TASK BRIEF: Omit all images, then repeat exactly the lines below from the one containing "36 Türk vatandaşı" through the one containing "Mini Size 5-Tab", both ends included.

DATA UNDER STUDY:
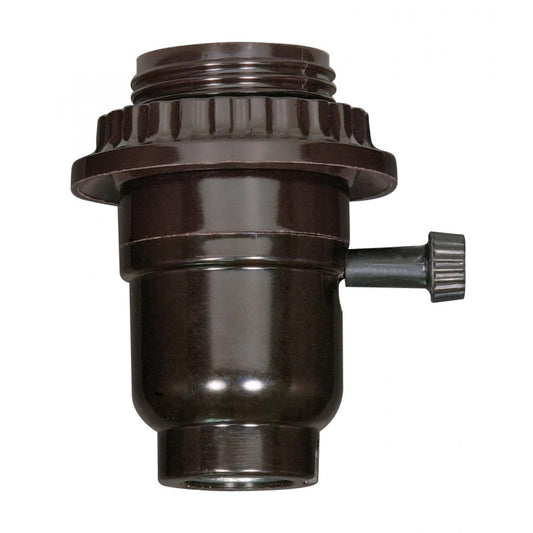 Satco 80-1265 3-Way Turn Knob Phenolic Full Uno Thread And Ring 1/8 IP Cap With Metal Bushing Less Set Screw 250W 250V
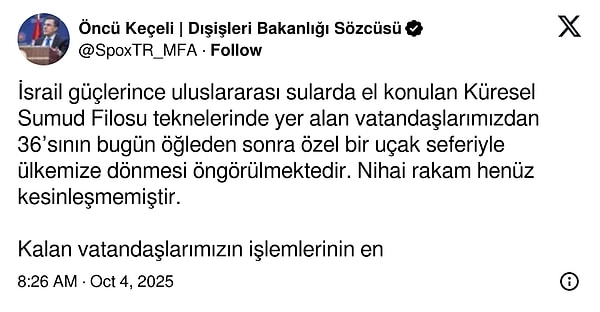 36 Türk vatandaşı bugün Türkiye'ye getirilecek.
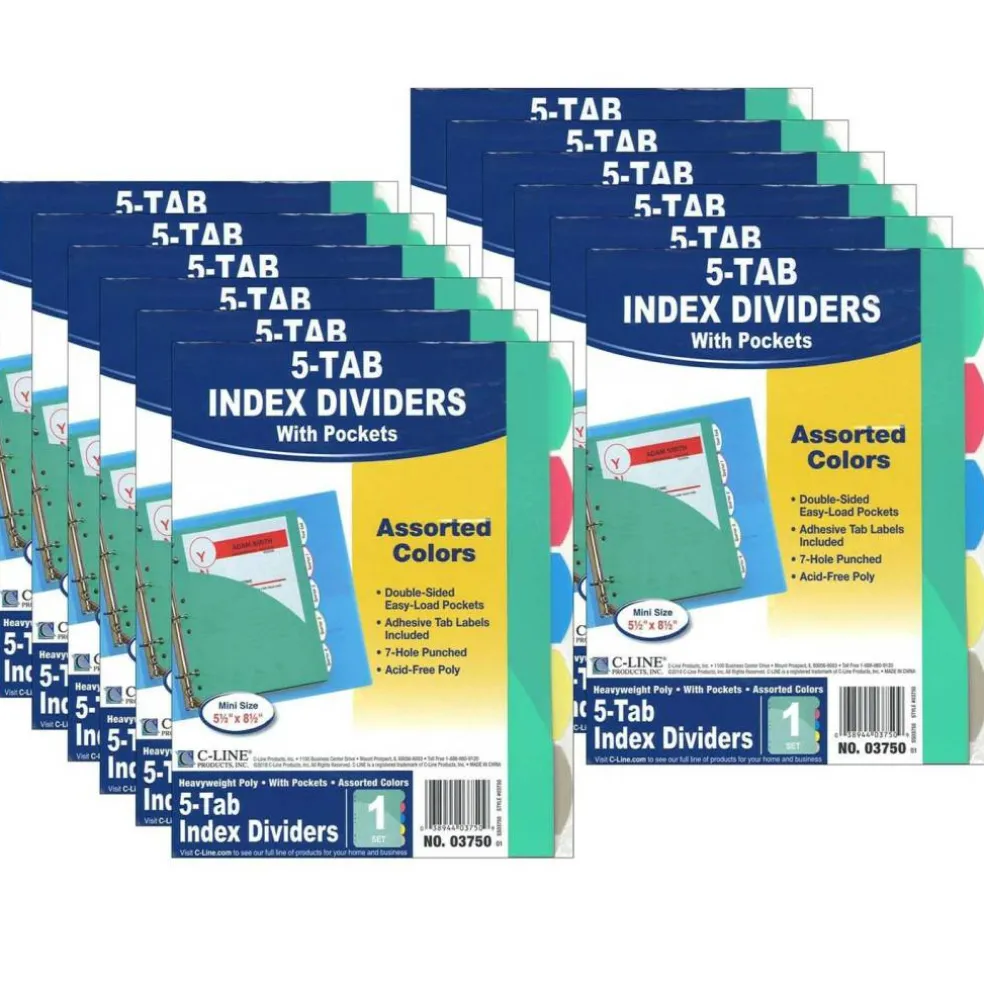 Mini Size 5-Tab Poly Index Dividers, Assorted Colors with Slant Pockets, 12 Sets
...
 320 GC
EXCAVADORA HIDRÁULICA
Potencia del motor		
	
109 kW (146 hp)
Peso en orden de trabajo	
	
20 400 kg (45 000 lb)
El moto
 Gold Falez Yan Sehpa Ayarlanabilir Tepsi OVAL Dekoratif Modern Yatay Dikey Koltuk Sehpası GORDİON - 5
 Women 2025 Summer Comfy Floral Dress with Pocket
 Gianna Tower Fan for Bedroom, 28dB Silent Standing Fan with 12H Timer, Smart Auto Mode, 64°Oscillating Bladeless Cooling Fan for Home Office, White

EXERCISE ANSWER:
 36 Türk vatandaşı bugün Türkiye'ye getirilecek.
 Mini Size 5-Tab Poly Index Dividers, Assorted Colors with Slant Pockets, 12 Sets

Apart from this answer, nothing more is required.